Patients with SARS-CoV-2 had significantly higher serum sCD25 and sCD163 than healthy control children (P < 0.001). SARS-CoV-2 patients had significantly higher sCD25 than patients with HLH (P < 0.05). Serum sCD25 was a good differentiating marker between patients with SARS-CoV-2 and HLH. Although there was a significant decrease of serum sCD25 and sCD163 of the 21 SARS-CoV-2 patients who were followed up, these levels were still significantly higher than the healthy controls levels (P < 0.001).
Serum sCD25 and sCD163 levels were up-regulated in SARS-CoV-2 patients.
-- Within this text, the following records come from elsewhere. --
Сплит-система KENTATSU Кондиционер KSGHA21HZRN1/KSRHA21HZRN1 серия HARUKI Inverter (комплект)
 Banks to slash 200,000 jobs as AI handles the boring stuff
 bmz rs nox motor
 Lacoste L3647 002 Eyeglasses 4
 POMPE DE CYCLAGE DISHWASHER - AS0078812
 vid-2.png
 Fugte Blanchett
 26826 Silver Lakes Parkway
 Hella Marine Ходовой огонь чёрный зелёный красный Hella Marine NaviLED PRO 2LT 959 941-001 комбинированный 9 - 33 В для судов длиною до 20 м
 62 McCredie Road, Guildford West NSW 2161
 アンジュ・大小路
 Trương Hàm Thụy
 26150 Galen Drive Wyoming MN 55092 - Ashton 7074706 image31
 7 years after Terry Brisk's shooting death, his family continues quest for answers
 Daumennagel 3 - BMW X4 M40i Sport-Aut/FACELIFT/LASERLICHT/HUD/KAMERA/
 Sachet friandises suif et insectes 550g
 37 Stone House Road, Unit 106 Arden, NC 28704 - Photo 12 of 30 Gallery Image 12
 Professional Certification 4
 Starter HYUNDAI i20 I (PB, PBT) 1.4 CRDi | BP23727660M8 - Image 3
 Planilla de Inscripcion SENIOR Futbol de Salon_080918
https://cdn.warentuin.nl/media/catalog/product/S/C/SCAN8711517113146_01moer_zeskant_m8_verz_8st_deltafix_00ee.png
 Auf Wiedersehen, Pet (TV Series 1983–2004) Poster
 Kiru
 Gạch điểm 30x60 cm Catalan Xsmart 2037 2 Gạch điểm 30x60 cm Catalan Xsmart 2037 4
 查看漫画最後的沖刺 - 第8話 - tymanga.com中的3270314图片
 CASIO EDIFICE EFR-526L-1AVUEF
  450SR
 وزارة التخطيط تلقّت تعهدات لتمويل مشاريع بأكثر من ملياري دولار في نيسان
Serum sCD25 was a good differentiating marker between SARS-CoV-2 and HLH. This initial report requires further studies, on large scales, to investigate the relationship between SARS-CoV-2 and both sCD25 and sCD163, including the disease severity and outcome. The therapeutic role of sCD25 and sCD163 antagonists should also be studied in SARS-CoV-2 patients.